──────── Data

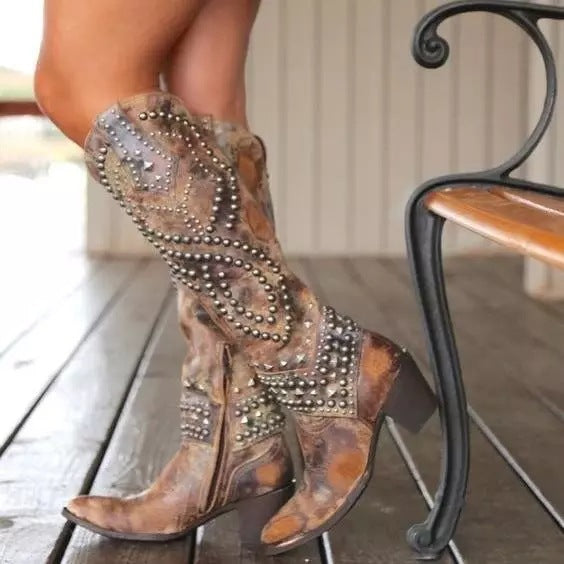 Elegant Rivet Knee-High Boots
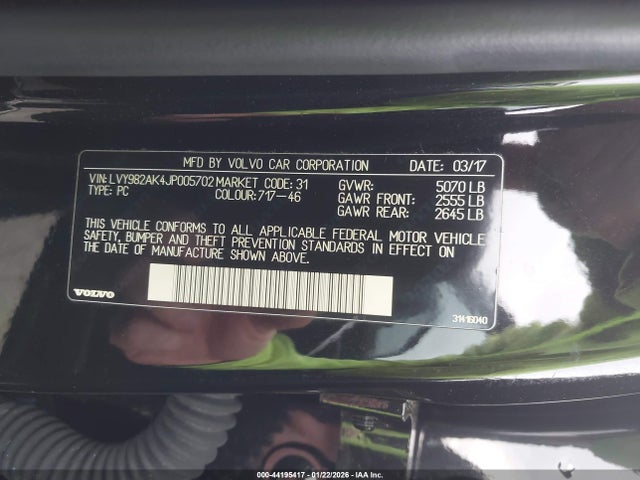44195417 :رقم المزاد ، LVY982AK4JP005702 vin ، 2018 Volvo S90 T5 Momentum مزاد بيع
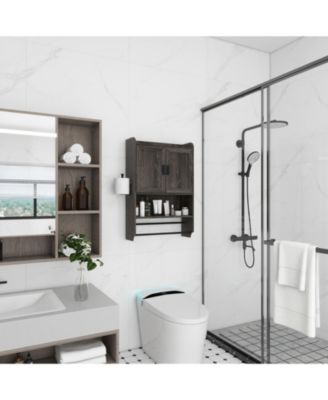 Bathroom Wall Cabinet with Doors, Adjustable Shelf, Towel Bar, and Paper Holder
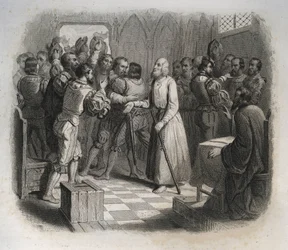 Sint Nicolaas van Flue of Broeder Klaus (1417-1487), een Zwitserse kluizenaar die de Zwitserse confederaties verzoende die op het punt stonden een burgeroorlog te beginnen. Gravure uit 1846 in Lives of the Saints. Privécollectie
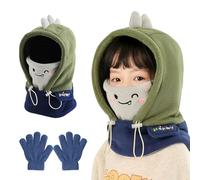 BSITSSS Pasamontañas Térmico Niños + Guantes, Gorro de Polar Cálido Antiviento, Sombreros con Suave Bufanda Calentador, Kid's Balaclava Deportes de Invierno al Aire Libre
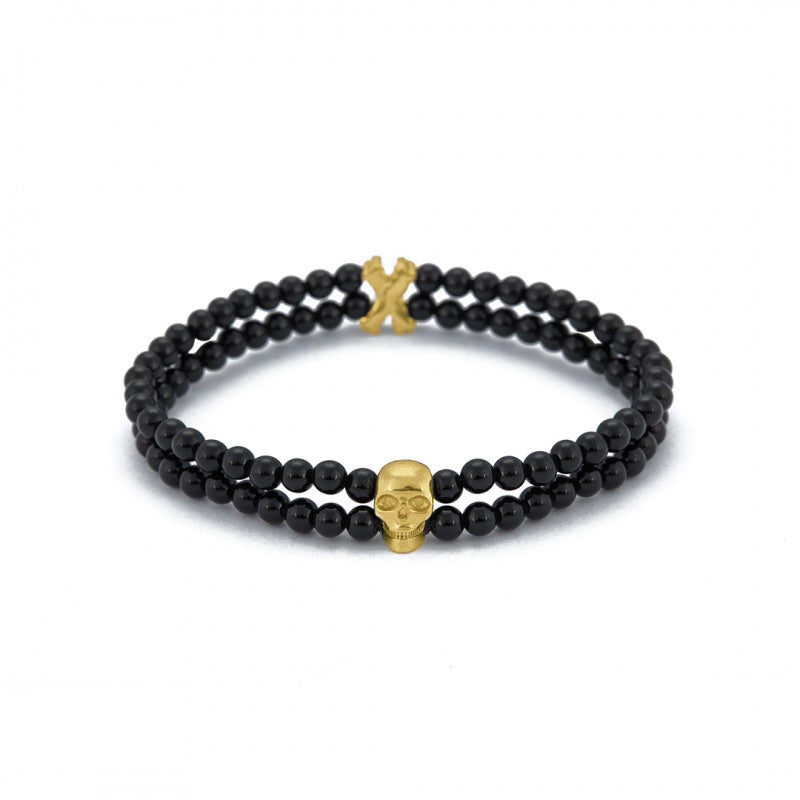 Skull Double Charm Bracelet in Gold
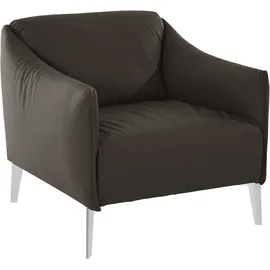 W.Schillig Cocktailsessel "sally Designsessel, Loungesessel", braun (braun z59), B:84cm H:78cm T:84cm, Longlife Xtra-Leder Z59: Glattleder mit modischer Prägung. Hautstärke 0, 9 - 1, 1 mm., Sessel, Cocktailsessel, mit Metall-Winkelfüßen in Chrom glänzend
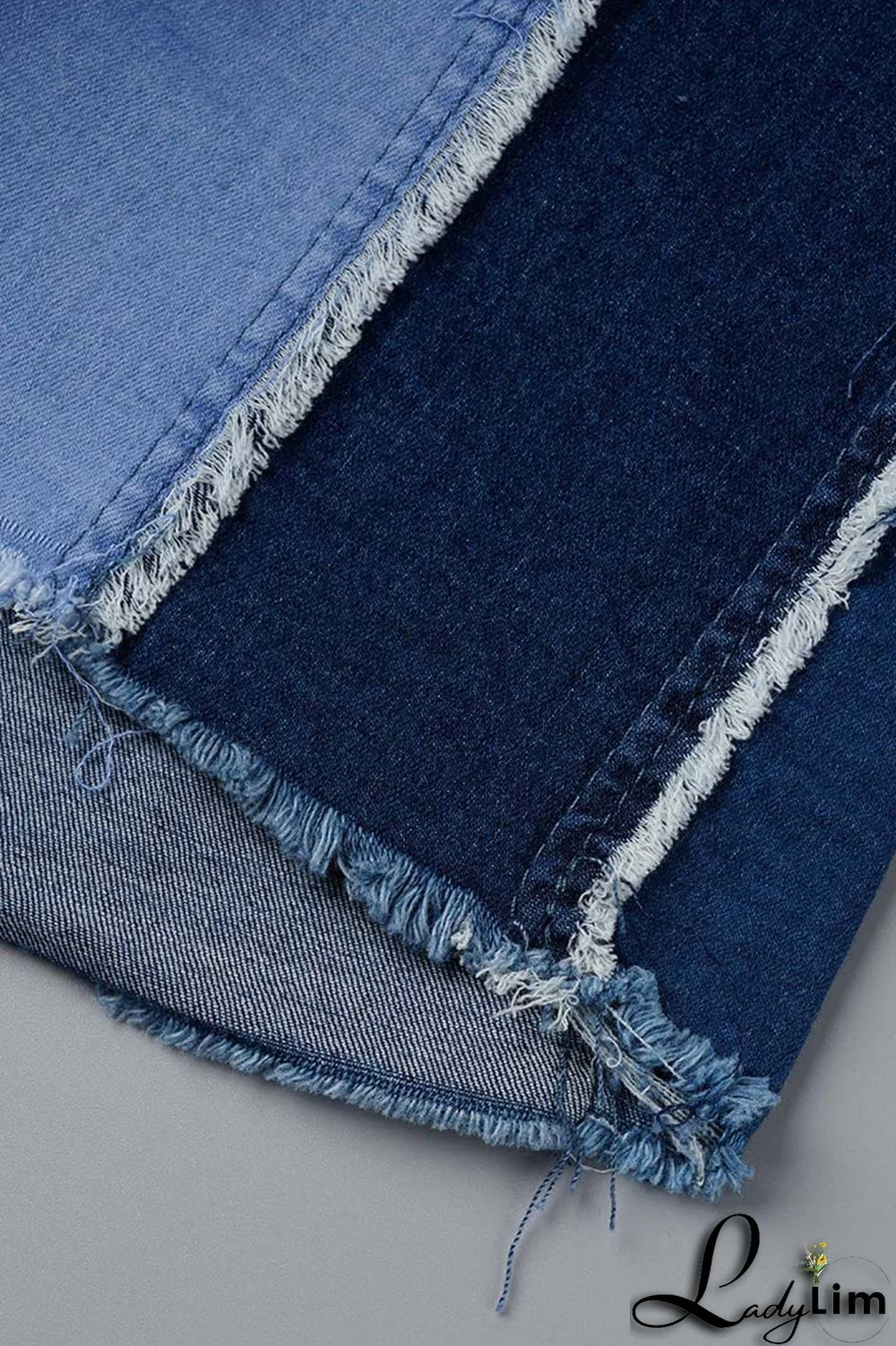 Blue Fashion Casual Patchwork Basic High Waist Skinny Denim Skirts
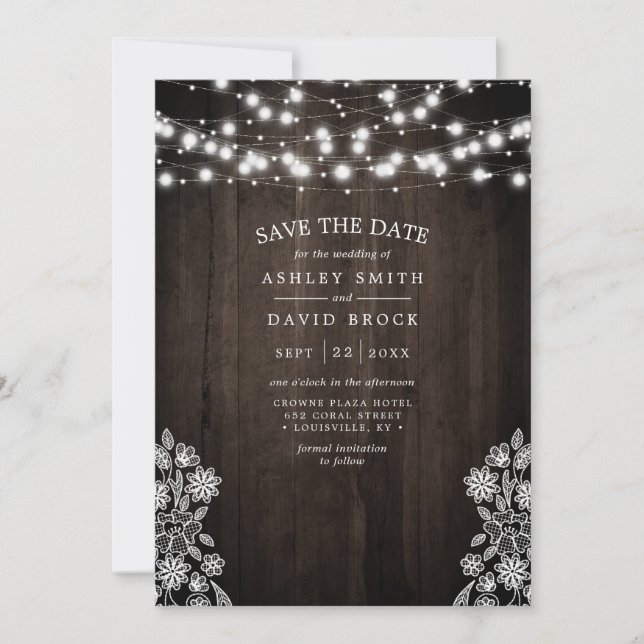 Spitzen- und Holzbalken leuchten rustikal Save the Date (Vorderseite)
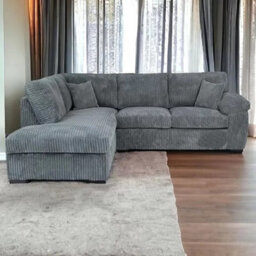 Sofa Scene Amalfi Corner Sofa Suite, Left And Right Hand Chaise, Grey Jumbo Cord - thumbnail 1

────────────────

**Aim of the task:** Nothing but the lines from the line with "44195417 :رقم المزاد" through the last line of the listing should be copied, exactly and with both ends kept. Leave pictures out.

**Solved problem:**
44195417 :رقم المزاد ، LVY982AK4JP005702 vin ، 2018 Volvo S90 T5 Momentum مزاد بيع
 Bathroom Wall Cabinet with Doors, Adjustable Shelf, Towel Bar, and Paper Holder
 Sint Nicolaas van Flue of Broeder Klaus (1417-1487), een Zwitserse kluizenaar die de Zwitserse confederaties verzoende die op het punt stonden een burgeroorlog te beginnen. Gravure uit 1846 in Lives of the Saints. Privécollectie
 BSITSSS Pasamontañas Térmico Niños + Guantes, Gorro de Polar Cálido Antiviento, Sombreros con Suave Bufanda Calentador, Kid's Balaclava Deportes de Invierno al Aire Libre
 Skull Double Charm Bracelet in Gold
 W.Schillig Cocktailsessel "sally Designsessel, Loungesessel", braun (braun z59), B:84cm H:78cm T:84cm, Longlife Xtra-Leder Z59: Glattleder mit modischer Prägung. Hautstärke 0, 9 - 1, 1 mm., Sessel, Cocktailsessel, mit Metall-Winkelfüßen in Chrom glänzend
 Blue Fashion Casual Patchwork Basic High Waist Skinny Denim Skirts
 Spitzen- und Holzbalken leuchten rustikal Save the Date (Vorderseite)
 Sofa Scene Amalfi Corner Sofa Suite, Left And Right Hand Chaise, Grey Jumbo Cord - thumbnail 1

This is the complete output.